As it is, Amtrak’s service between Washington and Boston is already highly successful, even if it does not qualify as high-speed rail by world standards. The top speed obtained by any train is 150 mph, and that happens only in a brief segment of Rhode Island. The average speed is much lower, even to the point that the schedule today between New York and Boston is only nineteen minutes faster than that achieved by the New Haven Railroad’s “Merchants Limited” in 1954. But today’s service is fast enough for Amtrak to dominate the travel market among the intermediate points along the corridor. Tellingly, almost no one rides all the way from Boston to Washington, which takes seven hours on the Acela and costs more than flying. But the trains are nonetheless full despite steep fares, and ridership continues to mount.
That’s because most passengers are traveling between intermediate points where existing train service is more than competitive with alternative modes, such as battling the traffic on I-95 or catching a flight. Compared to airlines, for example, Amtrak has virtually a 100 percent market share of passenger trips between Philadelphia and New York, a 60 percent share between Washington and New York, and a 50 percent share between New York and Boston. On each trip between Washington and Boston, more than half the passengers will get off at either Philadelphia or New York and are replaced by other passengers. From the travelers’ point of view, it doesn’t matter much whether the train goes 150 mph or even 300 mph, since they will only be on it for a short time anyway. What matters to them far more is that the trains are frequent, pleasant, reasonably priced, and reliable. Recently, after Florida rejected federal money for its high-speed project, U.S. Transportation Secretary Ray LaHood redirected $795 million to upgrade some of the most heavily used sections of the Northeast Corridor. This money will increase speeds from 135 to 160 miles per hour on critical segments, but much more importantly it will improve on-time performance and add more seats to accommodate the continuing surge in ridership.

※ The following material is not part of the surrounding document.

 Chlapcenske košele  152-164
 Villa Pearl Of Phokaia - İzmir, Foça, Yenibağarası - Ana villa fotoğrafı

This principle is also illustrated by Amtrak’s highly successful “Cascades” service on the 187-mile line between Portland and Seattle. The Spanish-designed Talgo “tilt” train sets look futuristic, and with their on-board bistros and comfy chairs they are a joy to ride. But because they run on conventional track through mountainous country shared by freight trains, their current top speed is only 79 mph, and their average speed is just 53. Still, that’s enough to make taking the train faster than driving, and ridership has swelled to more than 700,000 passengers a year. Using federal stimulus dollars plus state spending, work is currently under way to boost top train speeds to 110-125 mph, simply by adding better signaling and more sidings to let freight trains get out of the way. This incremental investment will also boost reliability and allow for increased frequency, which will further bump up ridership. But numerous studies show there is no point in making trains go faster than 125 mph on a segment this short because of the great cost involved and the limited gains to total trip times. Moreover, if a new bullet train line were built between Portland and Seattle, the tremendous cost of its construction would require fares too high for all but well-heeled business travelers to afford.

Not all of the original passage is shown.